The music samples used in GREAT BLANKNESS, because they represent musical styles and cultural contexts--hip-hop, rock, punk, jazz, country and techno--are the elements most tied to a specific time and place, but as with texts, sound effects and images they move easily between past and present affiliations.

Taken together, these animations are conceived as compacted constellations of meaning which turn intellectual concerns and cultural reference into kinetic form. Running as 20 to 30 second loops, the animations encourage multiple viewings, repetition serving to extend a joke, reveal the text, build anticipation, or generate unease in order to establish a psychic loop with the content.

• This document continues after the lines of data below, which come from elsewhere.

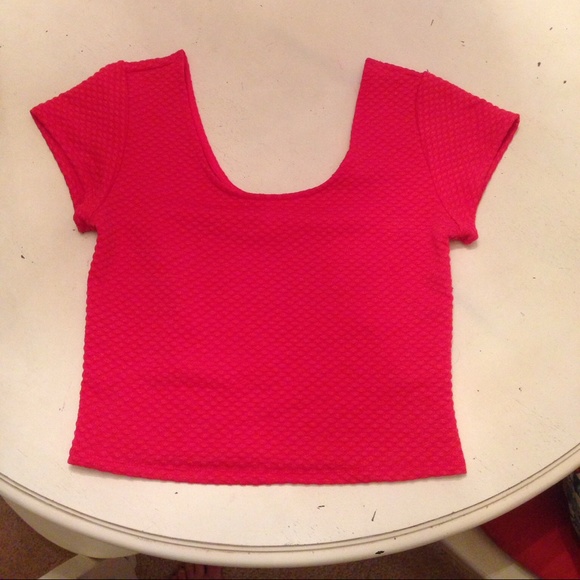 Xhilaration Textured Pink Crop Top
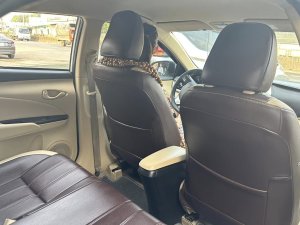 Toyota Vios 2019 - Màu trắng số sàn, giá hữu nghị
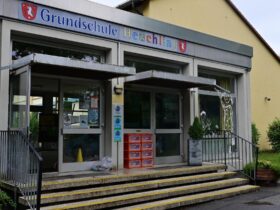 An der Grundschule im Laufer Ortsteil Heuchling war der Unterricht ausgefallen – wegen einer defekten Heizung. Doch dank eines Provisoriums ist es in den Klassenzimmern nun wieder warm genug.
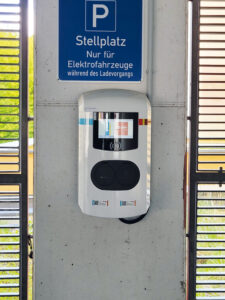 Ein E-Ladesäule-Stellplatz im Parkhaus in Fürstenwalde/Spree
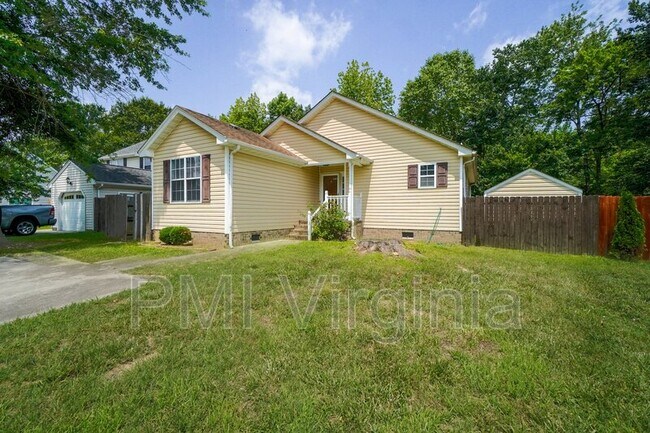 Building Photo - 172 Kristen Ln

“THE ORIGINAL MYTH” is a recreation of selection from SWALLOWS, a mid-nineteen eighties computer narrative made for the Apple IIe. The animation mimics the limited phosphorescent green on black palette and block graphics of that time. As with the other graphics used in the GREAT BLANKNESS project, the images are meant to be both nostalgic and iconic.

As for the collective title of the project--A GREAT BLANKNESS THAT INSPIRES AWE--a sense of inspiration and surprise before the declarative speech of the stereotype may only be mine. But their blankness is "great" and expansive to the extent that it seduces the viewer into the oscillating web of meaning that the mix provides.